The risks of a domino effect
A young couple in their twenties – he is on unemployoment, she is temping at Well – sitting at a table in the restaurant that evening acquiesce. Both of them will regretfully have to leave “their” town to open a seaside restaurant on the Mediterranean. “We are very attached to Le Vigan. It is a magnificent place. But we can’t even imagine investing in a rural inn, for dozens of Brits, Germans, and Dutch people are moving into the area for their retirement. They are pushing prices through the roof. An old house that needs redoing goes easily for 200,000 euros nowadays - way beyond our range!”

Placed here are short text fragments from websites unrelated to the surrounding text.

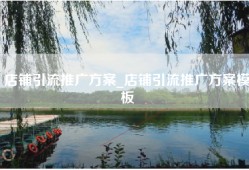 店铺引流推广方案_店铺引流推广方案模板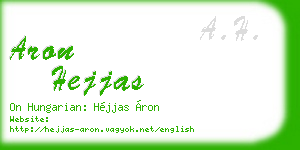 aron hejjas business card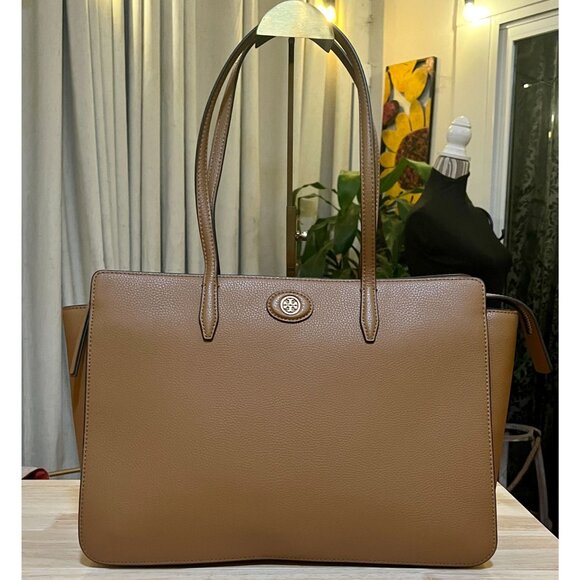 ✺✺ AUTHENTIC TORY BURCH CAMEL BROWN ROBINSON HANDBAG ✺✺ - Picture 1 of 11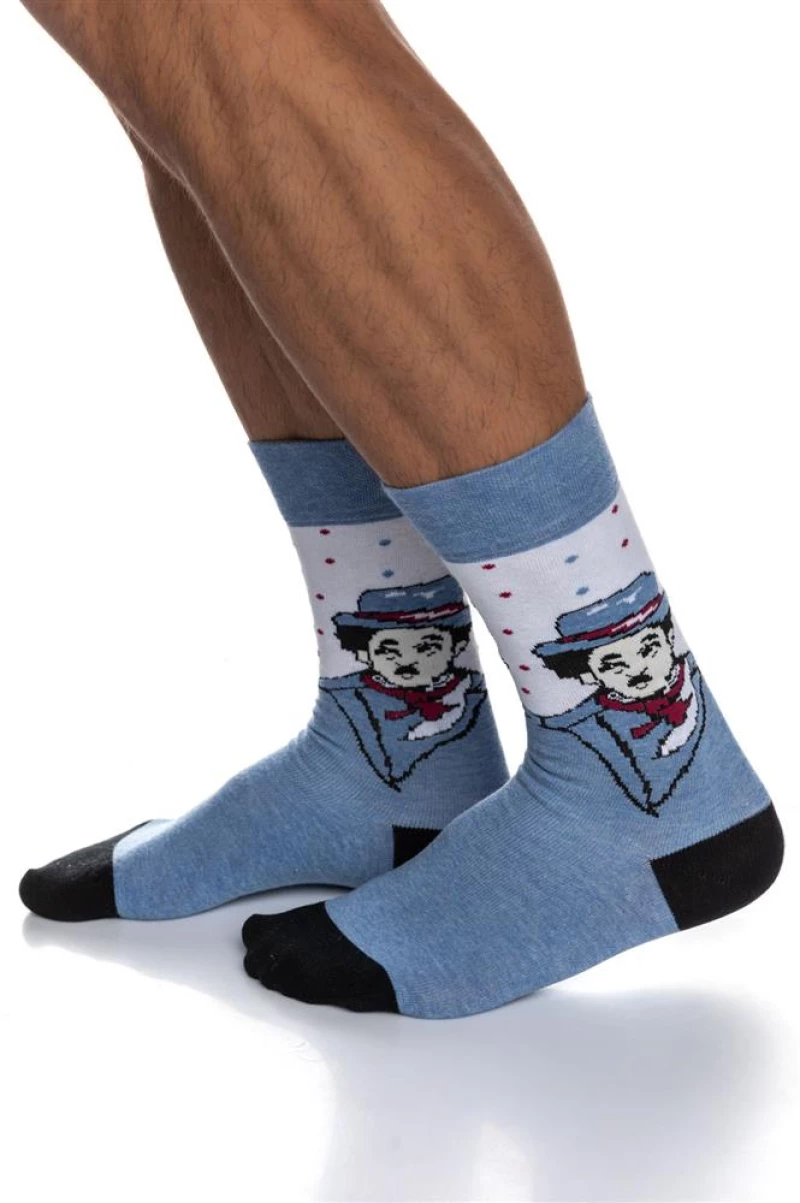 ΑΝΔΡΙΚΗ ΒΑΜΒΑΚΕΡΗ ΚΑΛΤΣΑ ΙΝΙΖΙΟ ΣΧΕΔΙΟ ΤΣΑΡΛΙ ΤΣΑΠΛΙΝ 4195-08-2 ΜΠΛΕ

Residents are having a hard time keeping up. Many of them complain about this inflation, right down to the supermarket aisles. A soup kitchen run by Les Restos du Coeur was set up in one of the narrow streets in the town’s centre in 2005 – a clear sign that the economy is going downhill. Jean-Marie, who is retired after a career at Well, and Anne-Parie, who is on unemployment, are preparing the commodities collected for the winter. “The situation has worsened compared with last year. Last week we served more than 1800 free meals to 155 families. They included many former Well employes who have not found work and are not getting by.” What to do? Le Vigan’s Socialist mayor, Thierry Bourrié, feels “powerless” to deal with the relocations. He also sees the risks of a domino effect: In his town, two workfare centres that employ people with disabilities do packaging for Well. Even worse, 60% of the municipality’s tax revenue comes from the textile company. “The day they leave, I wonder how I am going to pay my staff. We are working on setting up a wind farm here, which would offset the loss of tax revenue in three years’ time.” But what about jobs? Where will they come from? And when? There are few answers. “We didn’t think about diversifying when the textiles industry was flourishing. I own up to that mistake. I think, however, that there is a future here for tourism and health care. Projects will emerge. We are saved by the fact that we have a subprefecture, high school, hospital, post office, and several administrative headquarters in our town.”

Pulling through
Well’s sole shareholder has undertaken to pay 1.5 million euros to redynamise the employment catchment area. The State will do the same. This does not include aid from the departmental and regional administrations. “That will make it possible – why not? – to support personal projects,” Thierry Bourrié hopes. However, the majority of the factory workers are over 40 years old and have never worked anywhere else (and this is characteristic of the problem in France, where life-long training is still in its infancy). “Going back to school at our age would be very hard,” one employee declares. “It will take ten years before things take off again here, and there will be a lot of social suffering along the way,” is CDFT representative Pierre Defaut’s prognosis. The director of Le Vigan’s Cevennes Museum, Laurent Puech, recognises that what is going on is “obviously tragic”. Yet, with the hindsight of a historian he is certain that the valley will find a way to pull through. “We are living in a period of crisis and transition. Because of this crisis, people here and there talk about the so-called handicaps of our geographical situation. For example, we constantly hear that the town is too cut off from the rest of the world. But when you look at history, you see that this was never an obstacle to its development. And our region is a great deal more open than people think: We have found accounts showing that in the very early 19th century families went as far as the Bosphorus to buy healthy mulberry seeds in order to revive the silkworm industry, which was plagued by disease at the time. We shall definitely rebound!”

Remark: Well’s management did not answer the author’s request for an interview.